绝唱(2)

本文较长,为照顾看官阅读习惯,分三期发表。

又长见识了。老陈和夏班长的这点交道,有争,有让,有自我,有善良,内中还透着哲学、经济学以及人际关系学的应用,够我学一阵的。但老陈强调的重点是吃啥补啥,吃腰子补肾。驴毬驴蛋很金贵,是男人的加油站,女人的夜里盼。特别是驴毬加工的“金钱肉”,是肉中极品,食之有“金枪不倒之功”,而且其炮制与食用,是一种品味,一种文化。
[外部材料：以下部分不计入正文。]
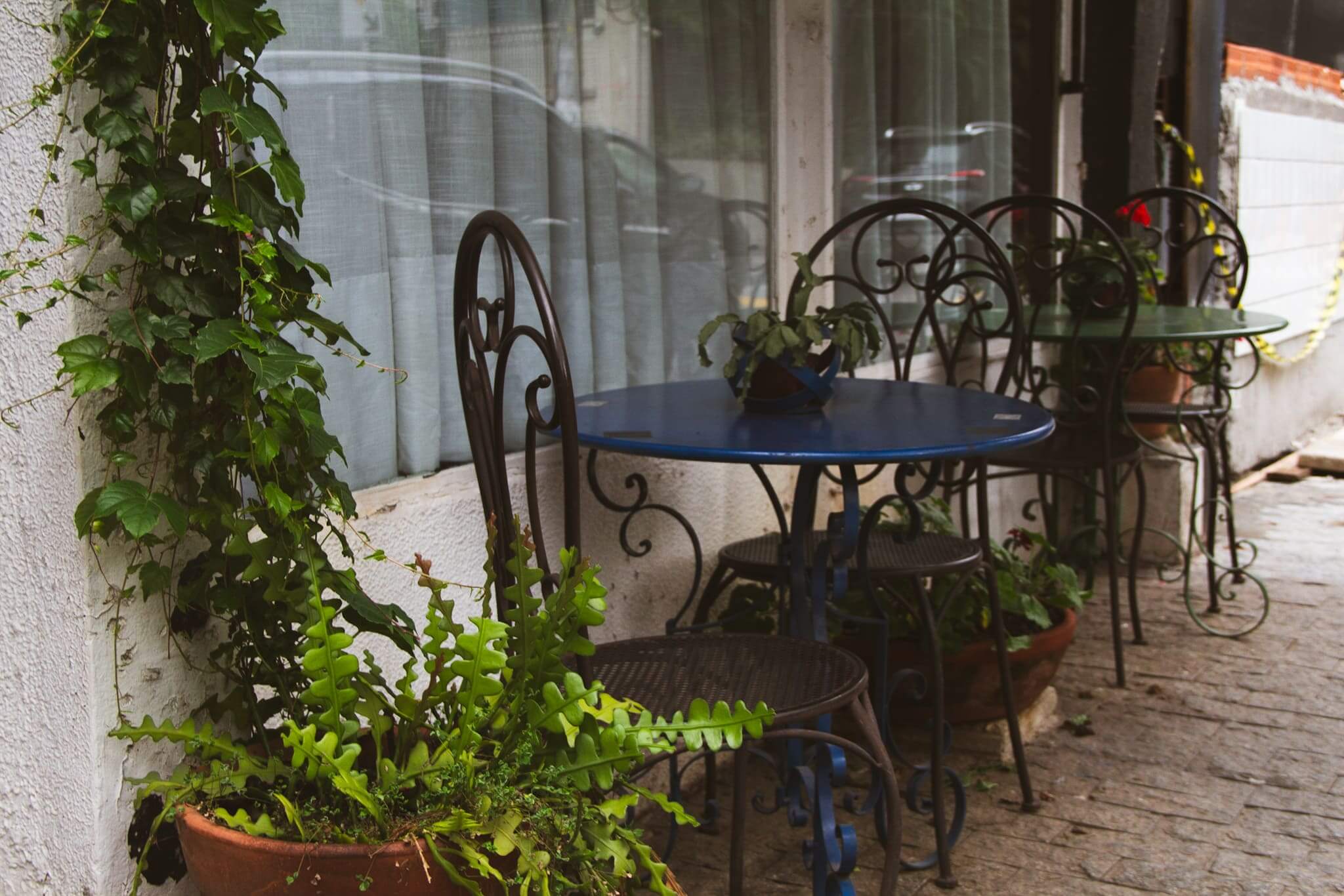 A foto mostra o lado de fora do Pina, com um parklet florido. Dupla de mesas e cadeiras elegantes e rústicas, com várias plantas e flores ao lado. A calçada é de paralelepípedo.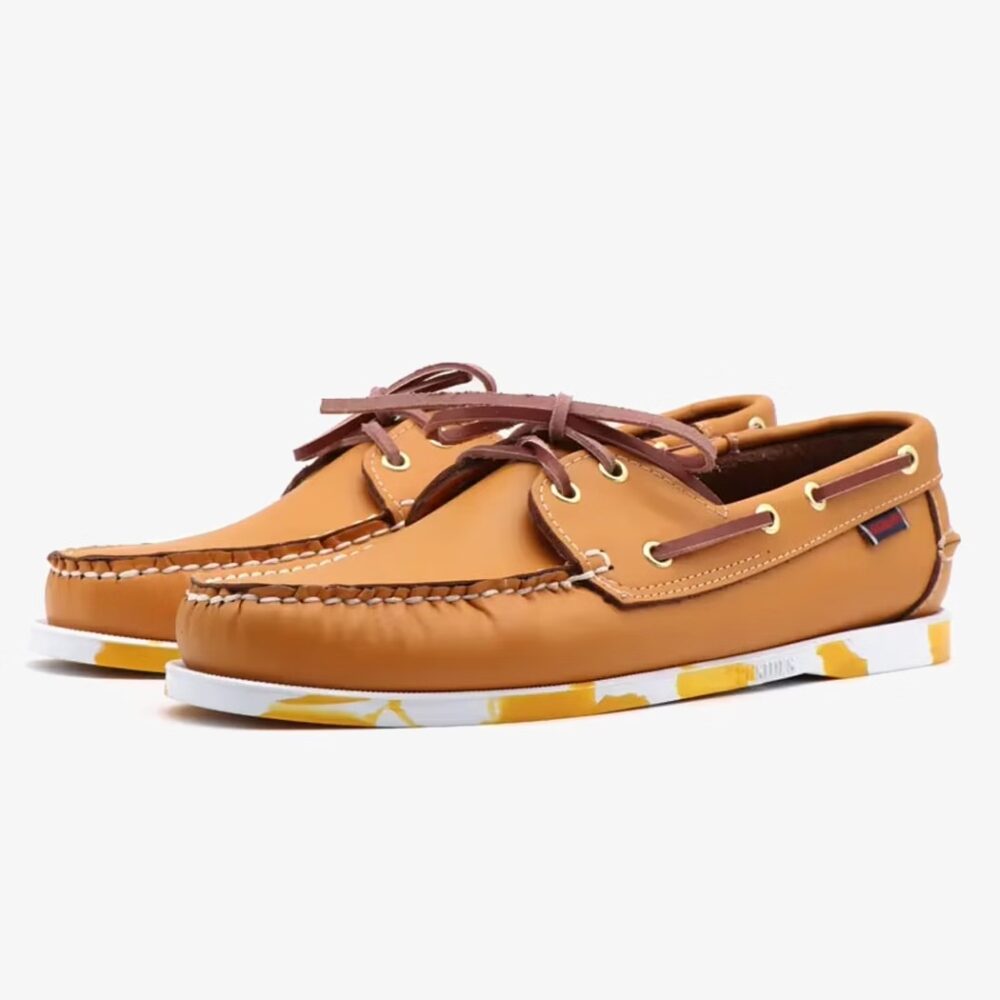 Brown leather boat loafers with colored sole for men on a white background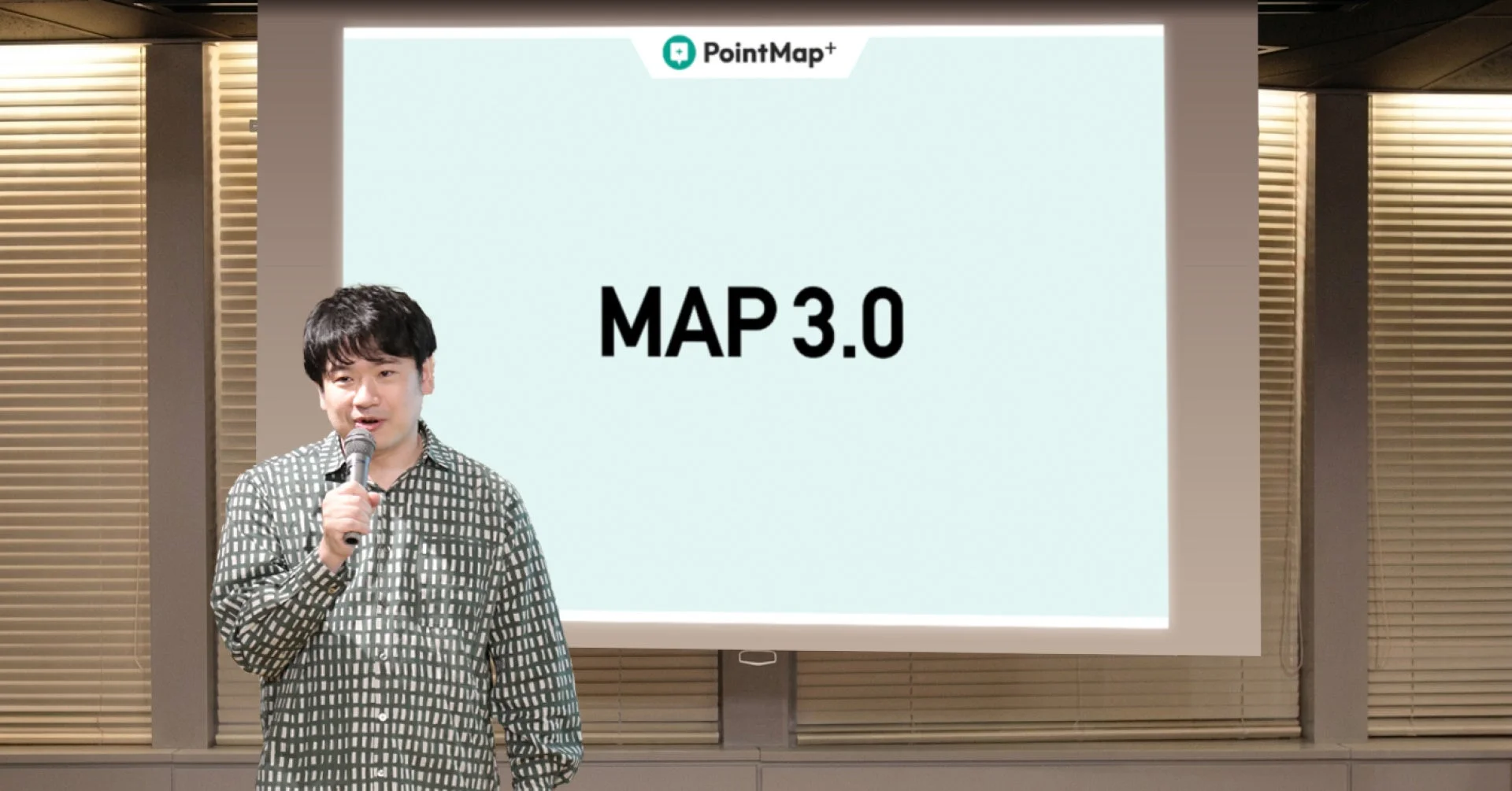 男性がマイクを持ってプレゼンテーションを行っている様子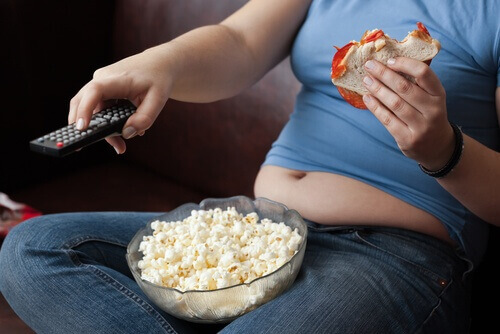 televizyon karşısında kontrolsüzce yemek yiyen kadın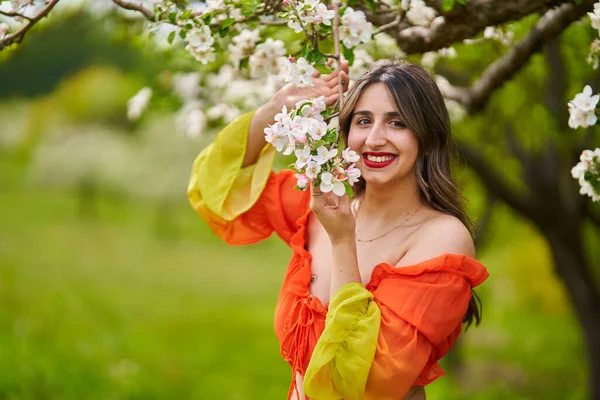 在苹果园里穿着橘色长裙的美丽的印度姑娘 — 图库照片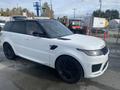 A white 2020 Land Rover Range Rover Sport with black accents and large black wheels is parked in a lot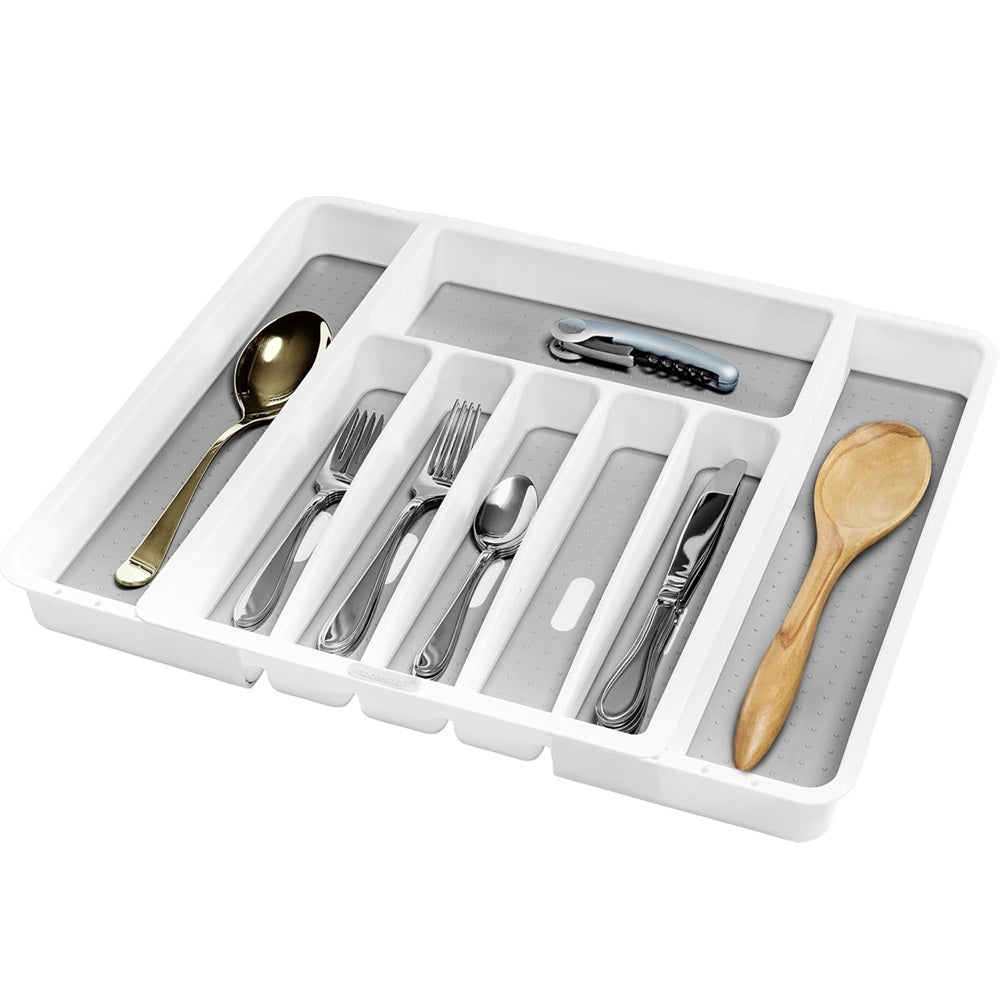 White cutlery organizer with silverware and a wooden spoon on a white background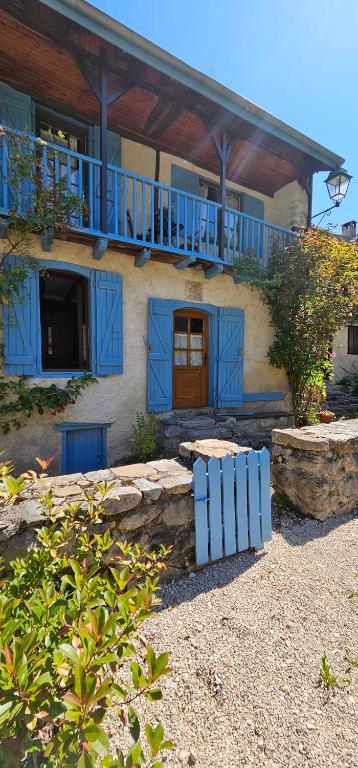 Casa con puertas azules y balcón. en Bergerie Ariégeoise, en Ustou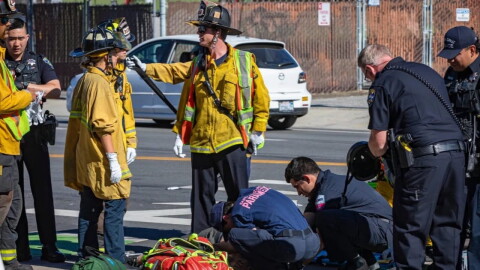 Firefighters in yellow jackets stand on the left while paramedics in blue attend to a person lying on the ground.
饮食与文化扯到一起,大都有故事可讲,比如乞丐与叫花子鸡、周文王与涎水面、杜甫与五柳鱼,苏轼与东坡肉、张爱玲与蛤蟆酥等,雅俗共赏,传扬很广。然传统美食文化,三句话就扯到男女之事,是否与前人“种地靠牛,点灯靠油,吃水靠挑,娱乐靠毬”的单调生活有关呢?我那时还没娶妻,对床帏之事充满新奇。老陈的话令我心跳加快,脸颊发烧。他关于金钱肉的炮制,更是让我耳目一新。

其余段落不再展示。